Treatment of Deep Skin Infection by PCL-SPIONS-Erythromycin, Enhancing Antibiotic Efficacy: an in vitro and in vivo study

Poly(ε-caprolactone) (PCL), as a pioneering class of synthetic aliphatic polyesters, have garnered as highly promising materials in biomedicine, owing to their biocompatibility, degradability, and adaptability. This study investigates the potential of Poly(ε-caprolactone) (PCL) encapsulated Superparamagnetic Iron Oxide Nanoparticles (SPIONS) loaded with erythromycin as a novel therapeutic approach for enhancing antibiotic efficacy against deep-seated infections. Deep-seated infections pose a significant challenge in contemporary healthcare, necessitating innovative strategies to improve the efficacy of antibiotic treatments.
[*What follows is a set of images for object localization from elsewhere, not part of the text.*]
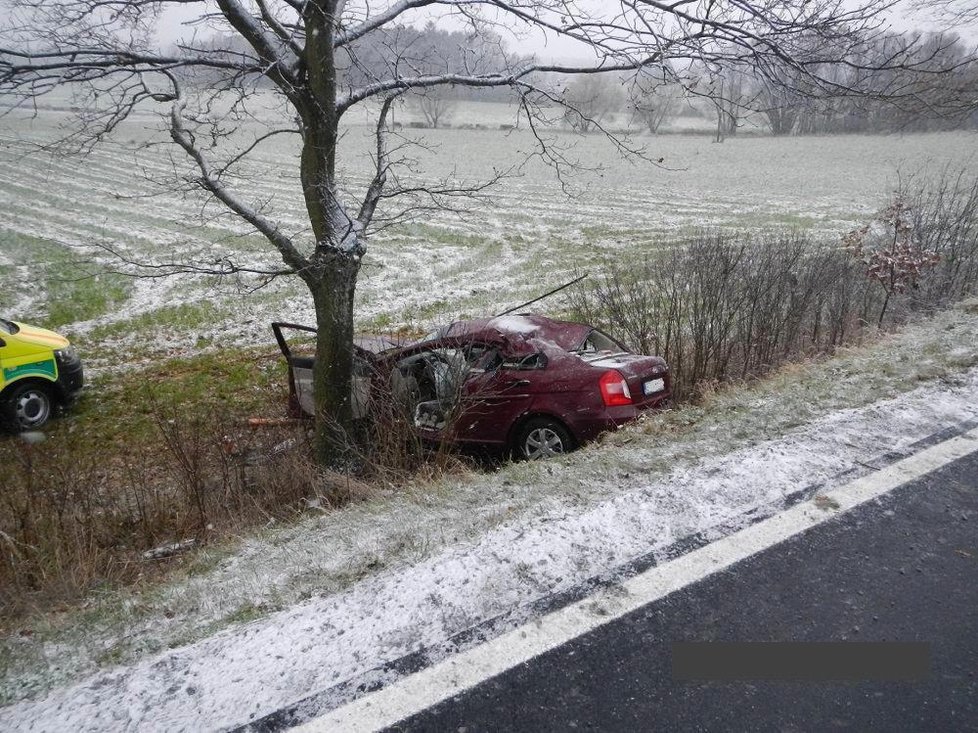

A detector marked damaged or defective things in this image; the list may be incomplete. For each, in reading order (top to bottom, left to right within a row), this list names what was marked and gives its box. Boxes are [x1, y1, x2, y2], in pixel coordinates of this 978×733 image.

damaged maroon car [274, 314, 672, 458]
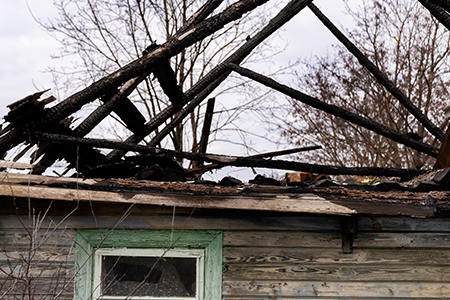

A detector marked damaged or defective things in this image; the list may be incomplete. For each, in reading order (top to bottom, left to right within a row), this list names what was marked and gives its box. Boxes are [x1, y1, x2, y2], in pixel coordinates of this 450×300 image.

black charred timber [416, 0, 450, 30]
black charred timber [74, 74, 149, 137]
black charred timber [0, 0, 270, 156]
black charred timber [103, 0, 314, 162]
black charred timber [33, 131, 428, 178]
black charred timber [185, 145, 322, 175]
black charred timber [227, 63, 438, 157]
burnt wooden rafter [227, 62, 438, 158]
black charred timber [308, 2, 444, 142]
The APTMS-modified SPIONs facilitated superior drug uptake and retention within bacterial cells, resulting in enhanced antibacterial efficacy against several bacterial strains as E. coli, Staphylococcus aureus, Pseudomonas sp. and Shigella sonnei. Cytotoxicity assessments established the biocompatibility of PCL-APTMS-SPION complexes, endorsing their suitability for potential clinical applications. In vitro experiments were conducted to assess the antimicrobial activity of PCL-SPIONS-Erythromycin against a panel of clinically relevant bacterial Staphylococcus aureus, employing standard susceptibility testing methods. Results demonstrated a substantial improvement in the antibacterial efficacy of erythromycin when delivered through the PCL-SPIONS carrier, suggesting enhanced drug penetration and sustained release. The PCL-SPIONS-Erythromycin treatment group exhibited a significant reduction in bacterial load compared to other groups, indicating superior therapeutic outcomes. The study also investigated the biocompatibility and safety profile of PCL-SPIONS-Erythromycin through histological examination of vital organs, blood cells, and monitoring of potential adverse effects.